Force est de constater aujourd'hui que la jurisprudence du juge pénal est plus stricte que celle du juge administratif. Afin d'améliorer la sécurité juridique des élus locaux, et en particulier de ceux qui participent aux organes de direction d'associations subventionnées, le sénateur Bernard Saugey avait proposé, en 2009, de modifier la rédaction du code pénal en s'inspirant de la jurisprudence administrative, en limitant l'incrimination aux cas d'intérêt personnel distinct de l'intérêt général. Cette proposition a été adoptée par le Sénat, contre votre avis et malgré vos arguments. Vous avez en effet souligné, à juste titre, que rien ne garantit que le juge pénal se conformera à l'esprit de cette nouvelle rédaction.

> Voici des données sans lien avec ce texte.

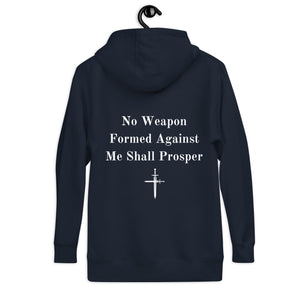 No Weapon Shall Prosper Unisex Hoodie
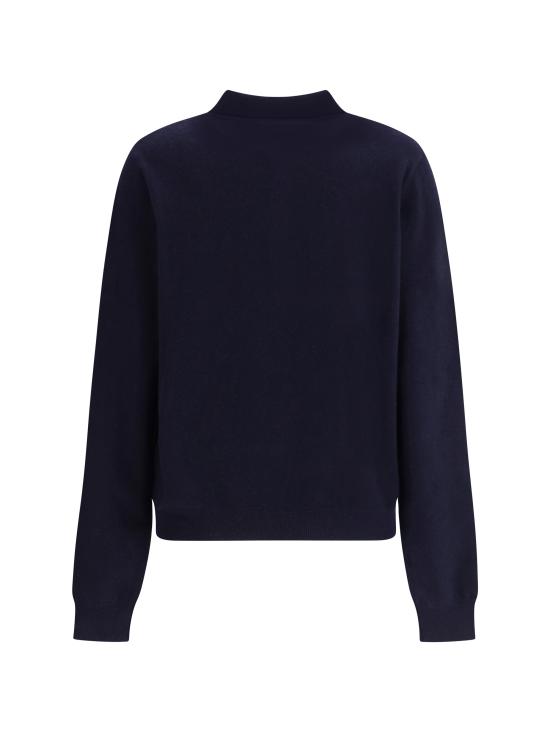 26SS 익스트림캐시미어 스웨터 22300101FE01 NAVY BLUE - EXTREME CASHMERE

Il serait donc utile, je crois, de clarifier dans ce projet de loi la notion de prise illégale d'intérêts. Une formulation plus précise pourrait être envisagée, en remplaçant l'intérêt quelconque qui apparaît dans la décision de la Cour de cassation par l'intérêt explicitement matériel ou financier.
Je crains en outre que les mesures du projet de loi visant à interdire les emplois familiaux ne renforcent la confusion autour de la notion de prise illégale d'intérêts. Une incrimination pénale est en effet prévue en cas de violation de la nouvelle interdiction faite aux membres du Gouvernement, aux parlementaires et aux chefs d'exécutifs locaux, d'employer ou de nommer des membres de leur famille proche comme collaborateurs.
Or cette interdiction, qualifiée de nouvelle par votre exposé des motifs, existe déjà pour les chefs d'exécutifs locaux. Le fait que les chefs d'exécutifs locaux embauchant des membres de leur famille ne soient pas systématiquement poursuivis pour prise illégale d'intérêts s'explique uniquement par la politique pénale des parquets, et non par l'absence de disposition législative : les parquets pourraient tout à fait poursuivre les dirigeants d'exécutifs locaux qui recrutent des proches comme collaborateurs, politiques ou autre. Pas plus tard que le 6 juillet dernier, un élu du Rhône, maire, a été condamné pour prise illégale d'intérêts parce qu'il avait recruté sa soeur comme directrice générale des services ; celle-ci a été condamnée pour recel de prise illégale d'intérêts. À aucun moment n'a été évoqué le fait que cet emploi ait pu être fictif.
La seule nouveauté du texte réside finalement dans la création d'un principe de remboursement.
De plus, vous prévoyez pour cette interdiction « nouvelle » une peine de trois ans de prison et 45 000 euros d'amende ; mais les mêmes faits sont punis, par l'article 432-12 du code pénal, d'une peine de prison de cinq ans. Il y a là une distorsion regrettable : est-elle volontaire ?
Madame la ministre, envisagerez-vous de clarifier la notion de prise illégale d'intérêts, souvent utilisée dans des affaires nuisant à la crédibilité des élus et des acteurs publics ?
Enfin, il me semble que ce que nos concitoyens ne supportent plus, c'est le caractère fictif ou complaisant d'un emploi plutôt que son caractère familial. La seule manière de mesurer ce caractère fictif ou complaisant serait d'établir un référentiel : pour cela, il faut que nos collaborateurs aient un statut.